Imbarazzati ma non troppo?
Le Ong accusano regolarmente Riad di investire in grandi eventi sportivi e culturali per distogliere l’attenzione dalle gravi violazioni dei diritti umani e dalla crisi umanitaria in Yemen nel cui conflitto è coinvolto l’esercito saudita. E tuttavia il regno è sempre più corteggiato dai partner internazionali: secondo il Financial Times Downing Street avrebbe invitato il principe ereditario Mohammed bin Salman (Mbs) a recarsi a Londra il prossimo autunno, anche se una data per la visita non sarebbe ancora stata fissata. Si tratterebbe del primo viaggio nel Regno Unito dalla morte nel 2018 del dissidente saudita Jamal Khashoggi, che l’intelligence statunitense ritiene sia stato assassinato mentre si trovava nel consolato saudita a Istanbul per ordine del principe ereditario. Bin Salman nega qualsiasi coinvolgimento nell’omicidio ma i sospetti sul suo conto rimangono. Dopo aver dichiarato in campagna elettorale di voler fare del regno un “paria” a livello internazionale, il presidente americano Joe Biden si è visto costretto a cercare l’appoggio del regno su questioni che vanno dalla stabilità energetica alle politiche regionali e alla guerra della Russia in Ucraina. Le accuse relative alla condotta saudita nei confronti dei migranti tuttavia stanno suscitando critiche diffuse anche ai paesi partner e il dipartimento di Stato americano ha reso noto di aver chiesto al governo di Riad l’avvio di un’inchiesta riguardo il massacro di cittadini etiopi”.
Annota a commento Eleonora Ardemagni, Ispi Associate Research Fellow: “Il rapporto di Human Rights Watch -i cui contenuti erano in parte già emersi nei documenti delle Nazioni Unite- apre un nuovo fronte diplomatico nelle relazioni tra Arabia Saudita e paesi occidentali. Al netto delle dichiarazioni del momento, è alquanto improbabile però che sia fatta davvero luce sulla vicenda dei migranti etiopi. Il confine saudita-yemenita è una zona grigia per consuetudine tribale e la gestione della sicurezza è divenuta sempre più frammentata e opaca: oltre alle guardie di frontiera saudite che rispondono al ministero degli interni, lì operano guardie tribali integrate e contractors yemeniti sotto comando saudita. Nonché gli houthi.

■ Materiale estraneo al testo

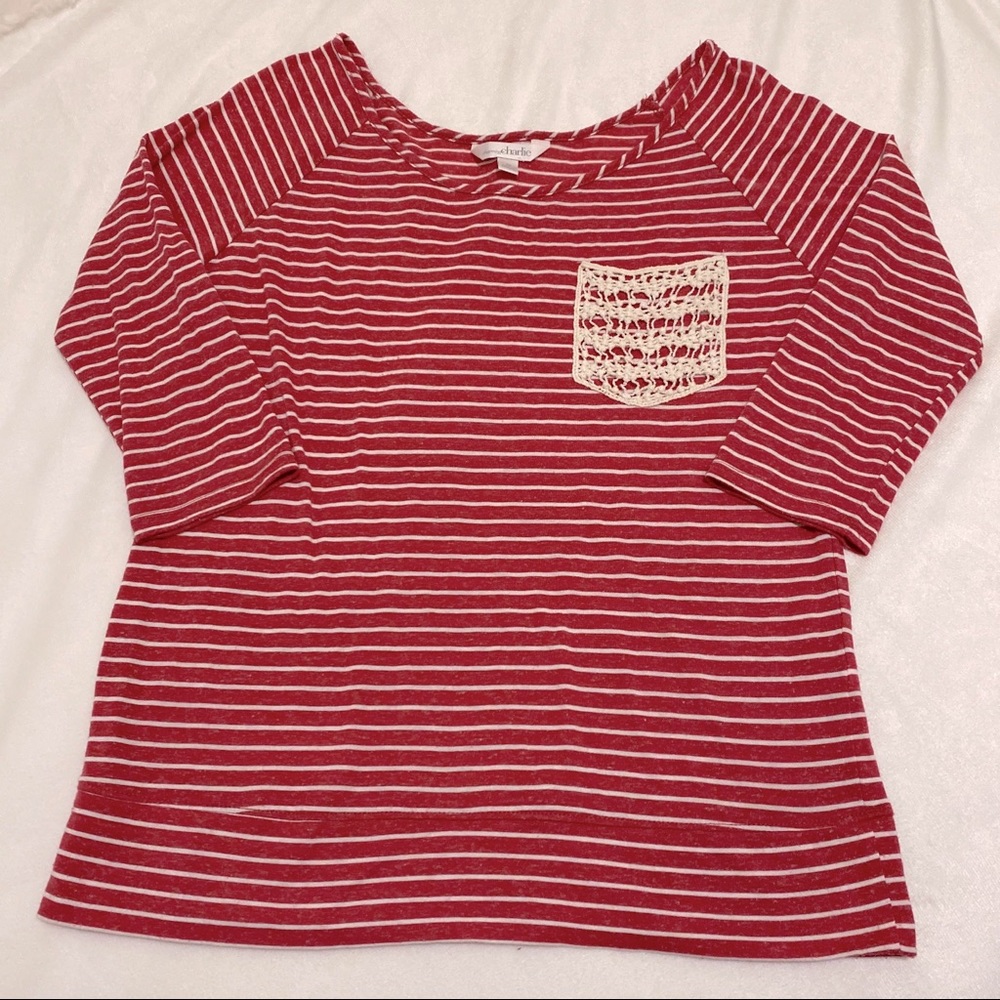 Red Stripe Top from Charming Charlie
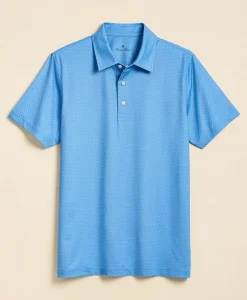 Performance Series Vintage Umbrella Motif Polo Shirt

Poi, l’investigazione congiunta annunciata dai governi saudita ed etiope parte già depotenziata, poiché Addis Abeba riceve e necessita di aiuti finanziari e investimenti da Riad. Accertare i gravissimi fatti denunciati sarebbe innanzitutto nell’interesse di quei paesi europei, Italia inclusa, che hanno appena ripreso l’export di armi all’Arabia Saudita, dopo la sospensione permanente del gennaio 2021”.